VLADIKAVKAZ, Russia – With the 2 1/2-year-old war in Chechnya dragging on, Russian President Vladimir Putin said Tuesday that the fight against terrorism is still a pressing issue for Russians.
The fight against terror "has not lost its meaning," Putin told his Security Council in remarks broadcast on Russian television.
Russian officials insist large-scale fighting is essentially over in the separatist republic and that the rebels are near defeat. But rebels continue to bleed Russian forces daily with ambushes and mine blasts.
Putin, who has tried to shift the focus in Chechnya toward rebuilding the shattered republic, told the Security Council on Tuesday that he wants Russia's Interior Ministry, which oversees police, to play a bigger role.
The Federal Security Service announced last week that one of Russia's leading foes in Chechnya, warlord Omar Ibn al Khattab, had been killed.

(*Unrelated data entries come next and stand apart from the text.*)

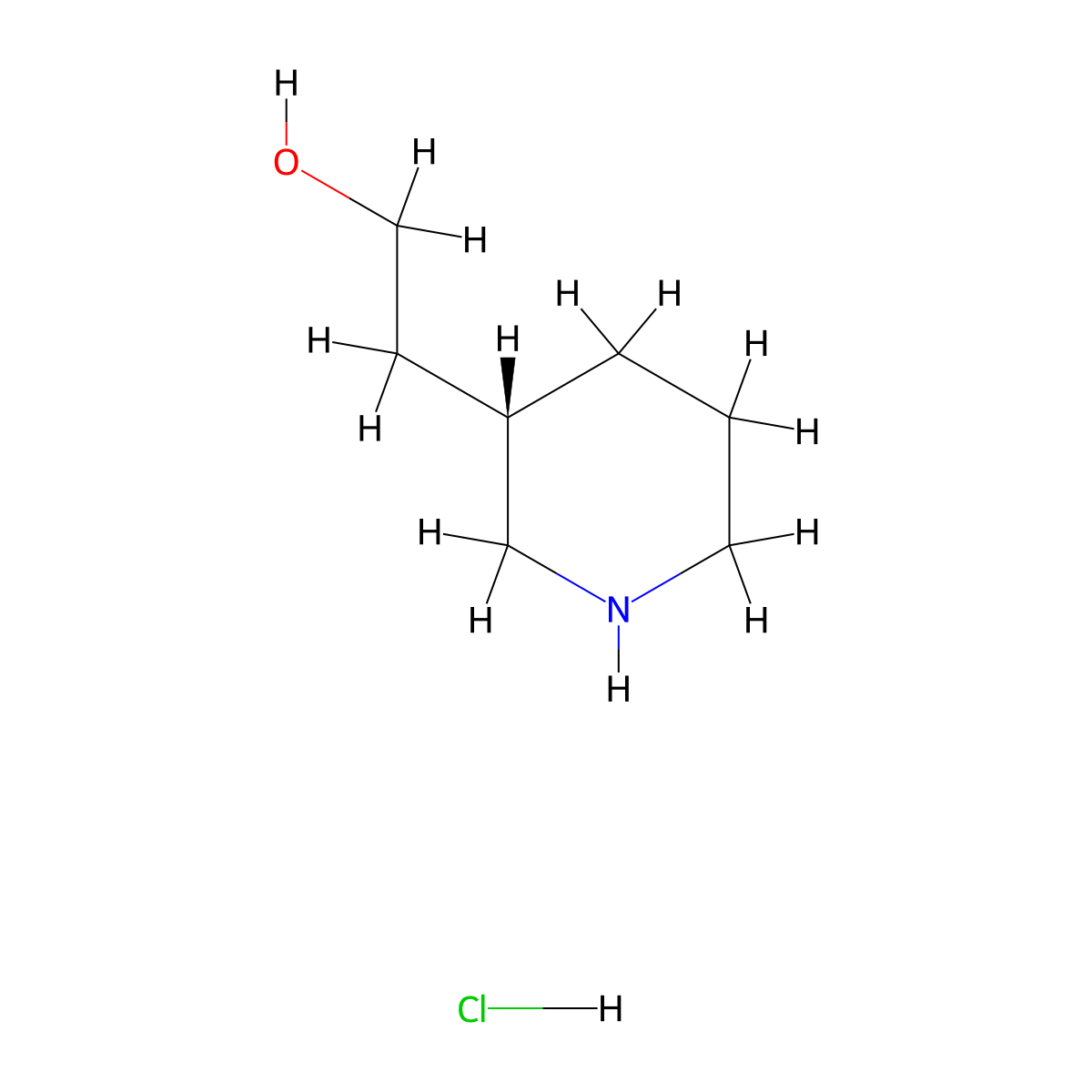 2-[(3S)-piperidin-3-yl]ethan-1-ol hydrochloride molecular structure, CAS 2126878-37-1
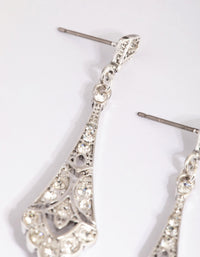 Antique Silver Diamante & Pearl Drop Earrings - link has visual effect only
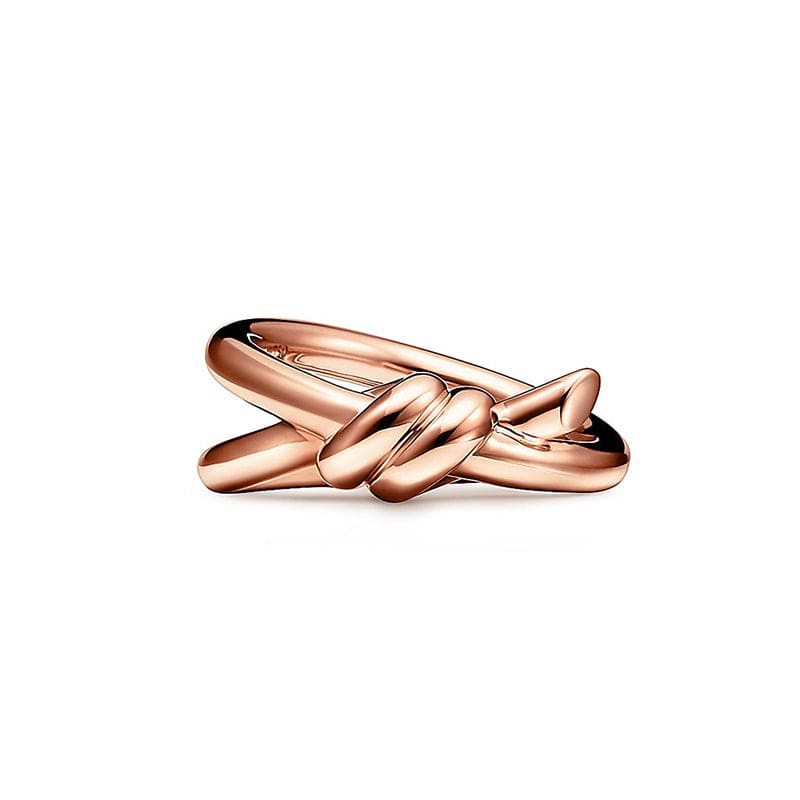 18K Rose Gold Tiffany Knot Double Row Ring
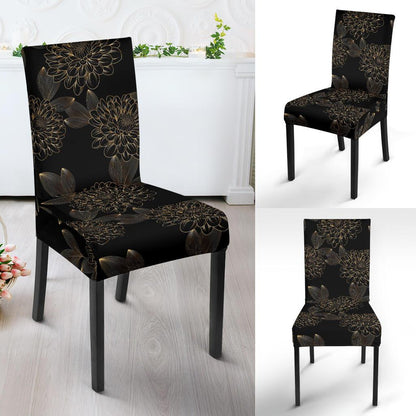 Dahlia Pattern Print Design DH04 Dining Chair Slipcover-JORJUNE.COM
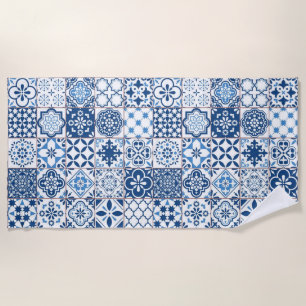 Ornate Mediterranean Indigo Blue Azulejo Mosaic Beach Towel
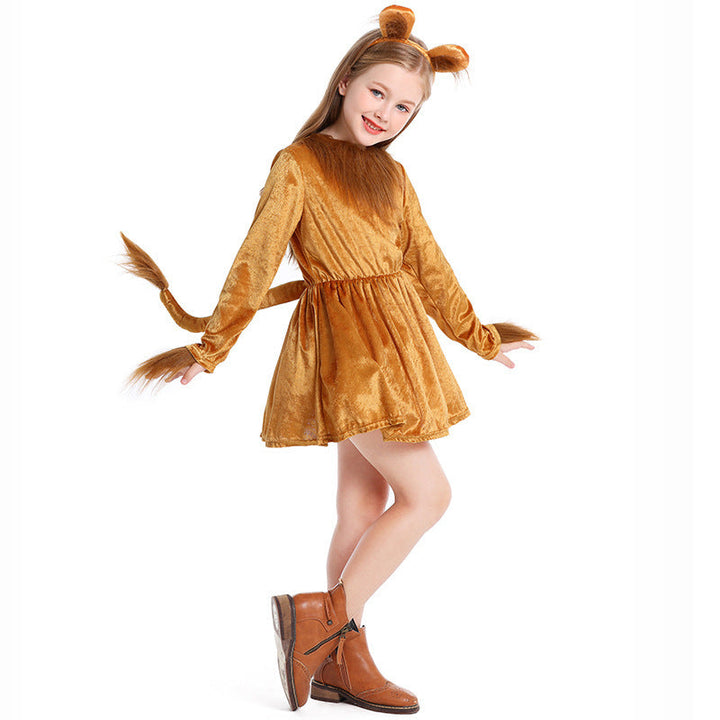 Girls Lion Costume with Fluffy Ear Accents and Swinging Skirt Mune Fashion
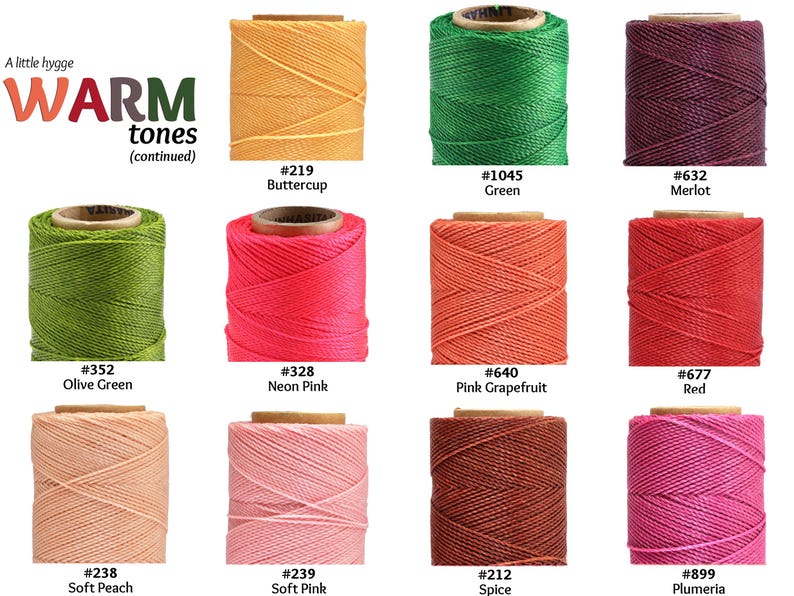 Linhasita Waxed Polyester Cord PE-4 (1mm) / 61 Colors to Choose From! image 8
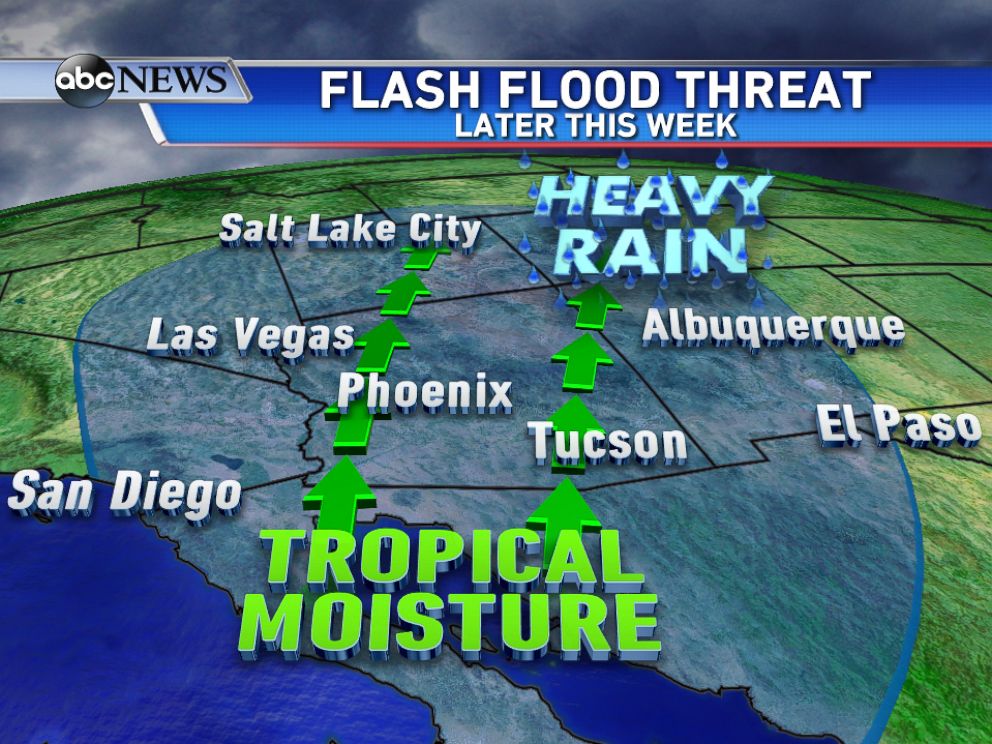 PHOTO: Later this week tropical moisture, from the remnants of Hurricane Odile, could bring heavy rain and flooding to parts of the Southwest.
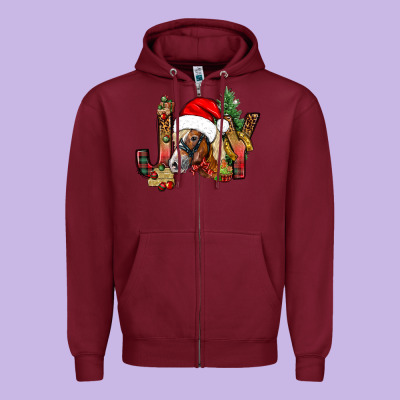 Joy Christmas With Horse Bbs Zipper Hoodie Designed By Bundleandbundleshop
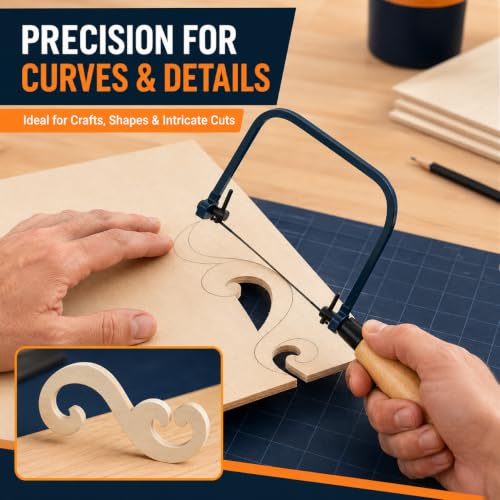 Coping Saw Frame Set with 5 Replacement Blades for Wood, Metal & Plastic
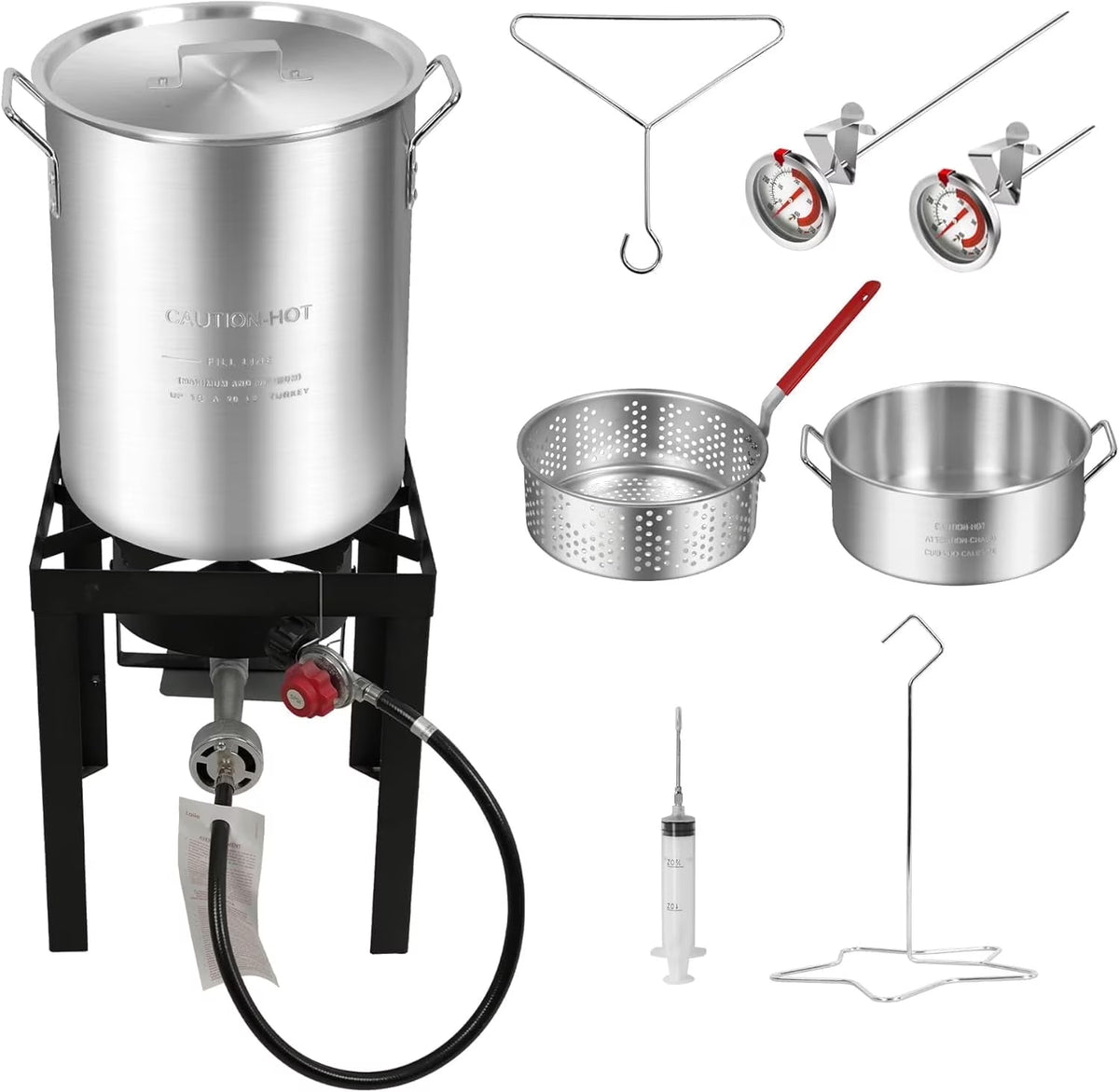 Red Mountain Valley Outdoor Propane Turkey Deep Fryer Set 30&10 Quart Fish Fryer with Basket, 50,000 BTU Burner, Large Seafood Boiler Kit, Outdoor Cooking for Frying, Boiling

Khattab, an Arab believed to have ties with Usama bin Laden's Al Qaeda terrorist network, was responsible for some of the rebels' boldest attacks.
A rebel spokesman initially denied Khattab was killed, but the pan-Arab daily al-Hayat reported Monday, quoting a family member, that Khattab had been buried in Saudi Arabia after being poisoned in Chechnya.
On Tuesday, the chief of Russia's armed forces general staff suggested that Russian troops had killed another leading rebel warlord Shamil Basayev, according to ITAR-Tass news agency.
But reports on Gen. Anatoly Kvashnin's remarks were conflicting, and the Russian Defense Ministry and the Kremlin office on Chechnya refused to comment. Rebel sources could not immediately be reached.
In remarks shown on state-run RTR television later, Kvashnin said only: "As soon as we find evidence, we will say something" about Basayev.
Russian officials have made similar claims in the past that have turned out to be untrue.
Russian troops fought a 1994-96 war in Chechnya but were forced into a humiliating retreat, leaving the region with de facto independence. They returned in 1999 after rebel incursions into neighboring Russian regions and after apartment-house bombings blamed on the rebels killed more than 300 in Russian cities.